The entire risk lied upon the assessee that is the risk assumed for executing the contract and carrying out the entire work solely belonged to the assessee. Ergo the rewards of the risks were also entirely reaped by the assessee in the form of 99% profit. Thus, even if one does FAR analysis of the performance guarantee given by the assessee to FGB for execution of the contract where entire risk and rewards and the benefit was of the assessee only, then where is the question of making any adjustment of ALP in the hands of the assessee that any benefit has been passed on to the AE.
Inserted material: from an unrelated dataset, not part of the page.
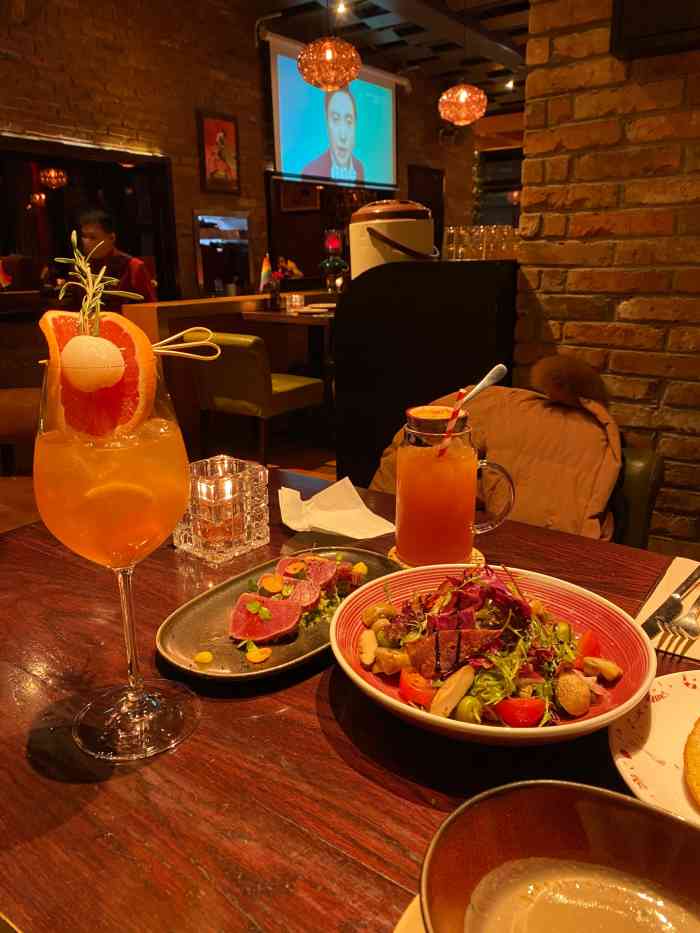 brownstone tapas&bar 布朗石西班牙餐厅酒吧(紫峰店)-"海鲜饭好吃!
Even if it is reckoned as international transaction, then also on FAR analysis and looking to fact that the reward or profit to the AE is almost negligible, i.e. the ultimate profit is not even 1%, the adjustment if at all would also be negligible on the facts of the present case. Thus, on the facts of the present case we hold that no transfer pricing adjustment can be made on account of corporate guarantee. Accordingly, the addition made by the ld.TPO / ld. AO is deleted.
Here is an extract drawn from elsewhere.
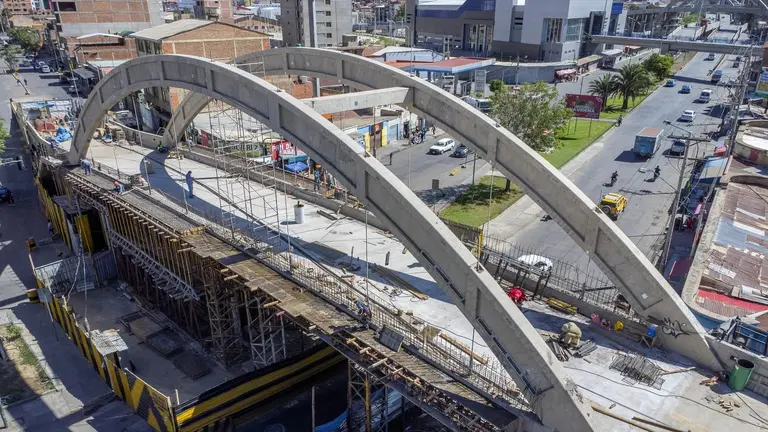 Reposici&oacute;n de la plataforma del puente ca&iacute;do, ubicada en la avenida 6 de agosto e Independencia, ALCALD&Iacute;A DE COCHABAMBA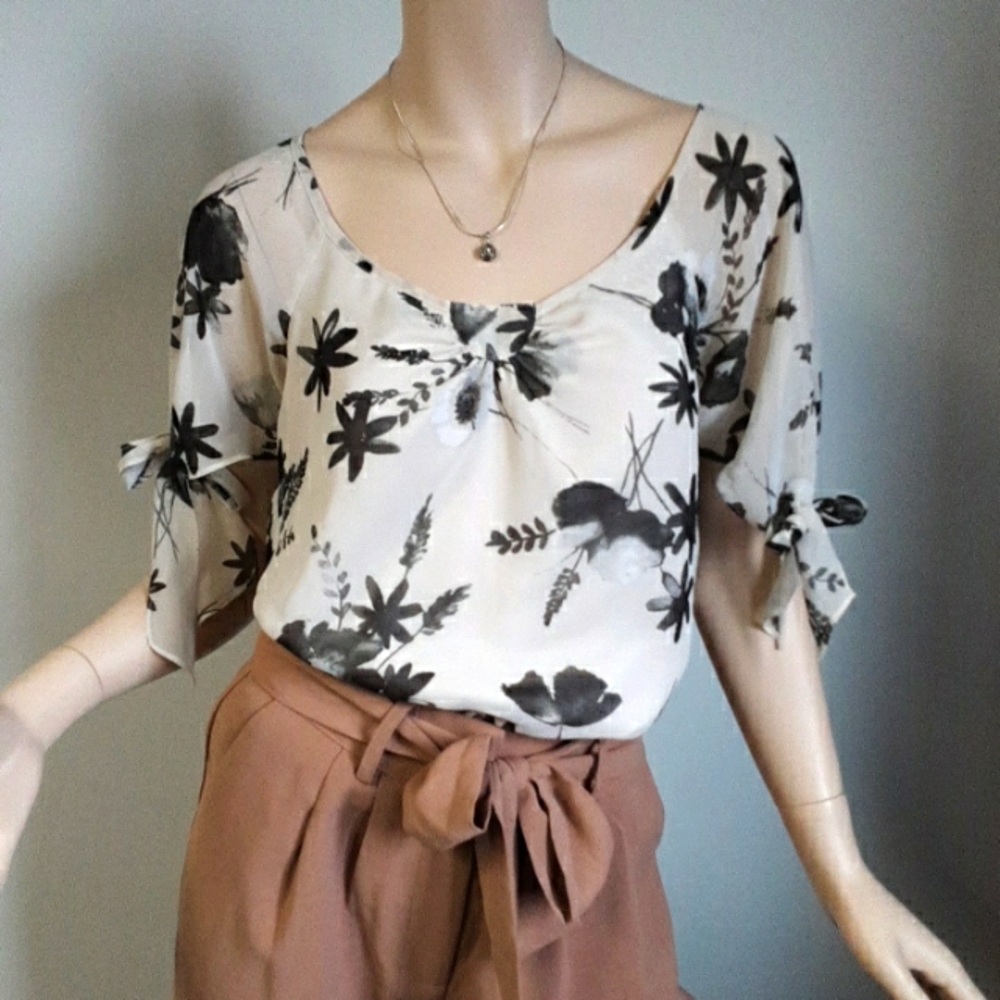 Ann Taylor loft floral short sleeve blouse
Disallowance of interest u/s. 36(1)(iii) - Adjustment in respect of receipt of interest on loan given to Afcons Mideast and Afcons Infrastructure International Ltd. - HELD THAT:- It has been informed that the issue stands covered by the decision of the ITAT from A.Y.2001-02 to 2008-09 [2018 (5) TMI 508 - ITAT MUMBAI] Since, the ld. DRP has followed the initial order of the Tribunal in A.Y.1997-98 [2016 (2) TMI 1372 - ITAT MUMBAI] which has been followed in subsequent years wherein it was held that interest disallowed should be in respect of incremental loans given from 31/03/1996. Once the position from the earlier years has been settled that the opening balance of the loan is to be excluded for making the loans, then we do not find any infirmity in the directions of the ld. DRP which is in accordance with the direction of the Tribunal in earlier year. Therefore, the ground raised by the Revenue is dismissed.
Disallowance of depreciation and written down value of speed boat - HELD THAT:- As decided in own case [2016 (7) TMI 1439 - ITAT MUMBAI] for the A.Y. 2001-02, A.Yrs. 2002-03 to 2005-06 and A.Yrs 2006-07 to 2008-09 machinery was purchased by the principal but the assessee had been vested with the possession of them and utilized them for its business.It is not disputed that the principal has debited the cost of machinery to the assessee's account and the assessee has capitalized it in its books of account. The Tribunal applying the ratio laid down in the decisions of Mysore Minerals Ltd [2000 (8) TMI 83 - SUPREME COURT] , Dilip Singh Sardarsingh Bagga [1992 (9) TMI 74 - BOMBAY HIGH COURT] and Varanasi Auto Sales [2010 (1) TMI 19 - ALLAHABAD HIGH COURT] dismissed the department's ground.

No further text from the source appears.